:: Provided material ::

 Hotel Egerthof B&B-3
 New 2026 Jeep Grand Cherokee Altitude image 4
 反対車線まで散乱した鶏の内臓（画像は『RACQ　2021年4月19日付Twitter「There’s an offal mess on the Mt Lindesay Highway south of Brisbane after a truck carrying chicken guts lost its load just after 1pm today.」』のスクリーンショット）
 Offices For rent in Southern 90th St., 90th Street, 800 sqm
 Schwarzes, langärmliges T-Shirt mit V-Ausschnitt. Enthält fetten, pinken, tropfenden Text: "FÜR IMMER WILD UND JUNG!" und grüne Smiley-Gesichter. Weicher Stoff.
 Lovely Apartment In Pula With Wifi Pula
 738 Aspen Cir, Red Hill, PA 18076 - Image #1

:::
:: Provided material ::

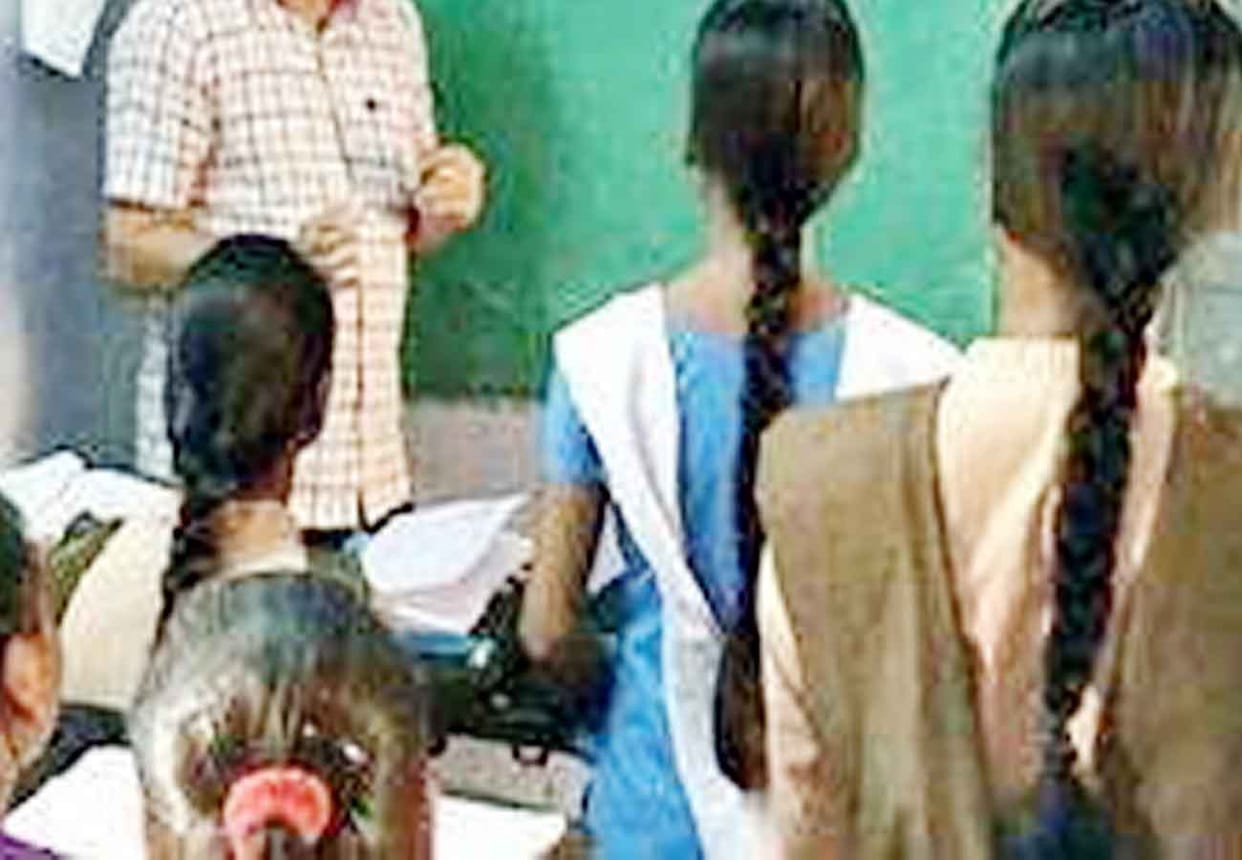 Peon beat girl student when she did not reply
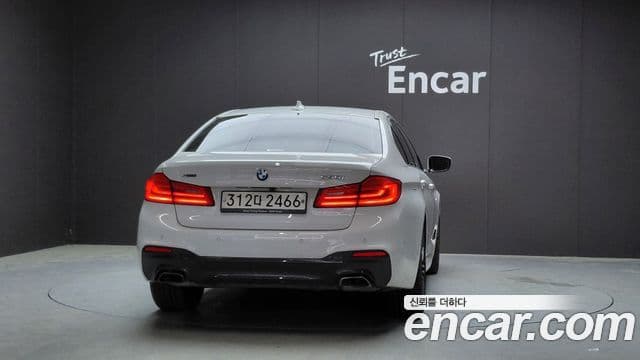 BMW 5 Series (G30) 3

:::
:: Provided material ::

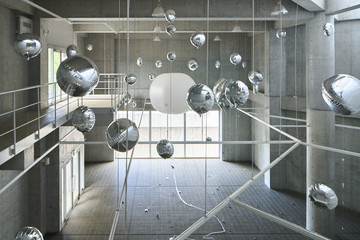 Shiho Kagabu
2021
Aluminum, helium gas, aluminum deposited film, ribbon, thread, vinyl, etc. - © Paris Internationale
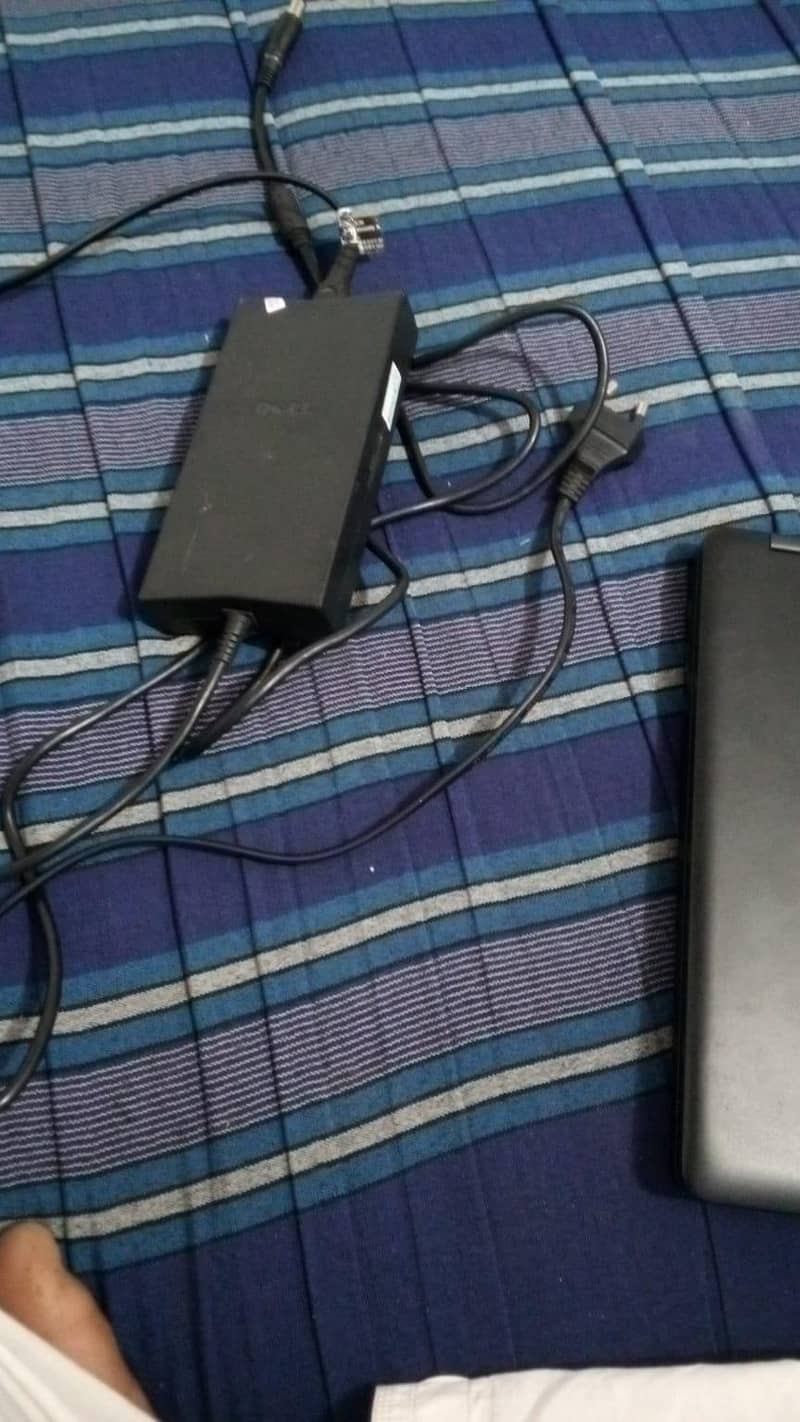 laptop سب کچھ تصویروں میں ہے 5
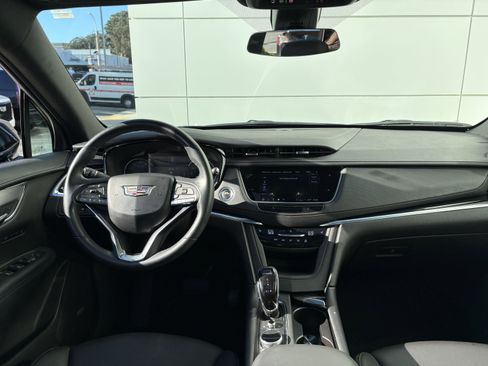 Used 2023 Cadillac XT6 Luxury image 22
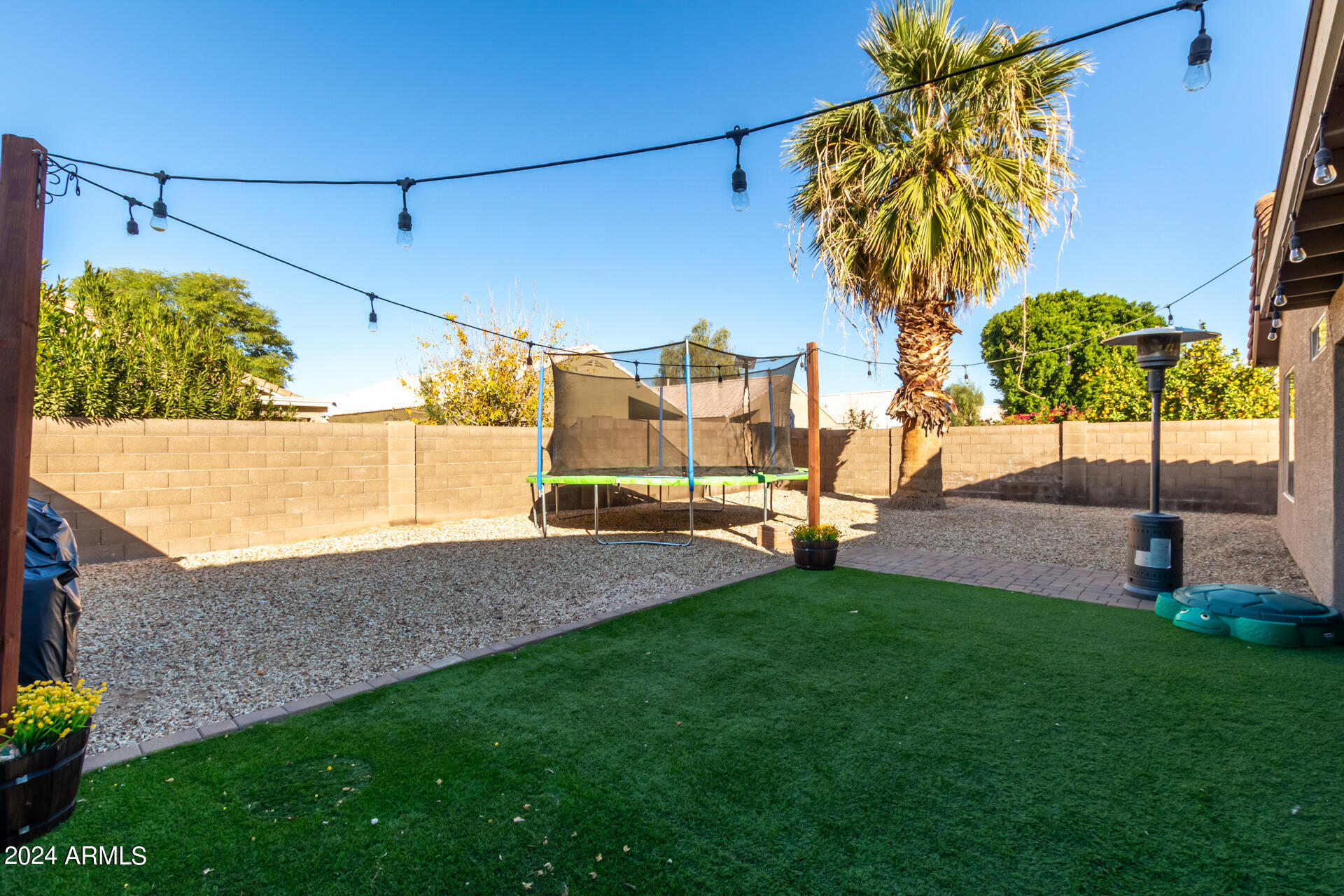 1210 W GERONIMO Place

:::

### Problem
Excluding any pictures, print exactly the lines of the listing above from the line with "laptop سب کچھ تصویروں میں ہے 5" to the line with "1210 W GERONIMO Place", both ends included.

### Solution for this problem
 laptop سب کچھ تصویروں میں ہے 5
 Used 2023 Cadillac XT6 Luxury image 22
 1210 W GERONIMO Place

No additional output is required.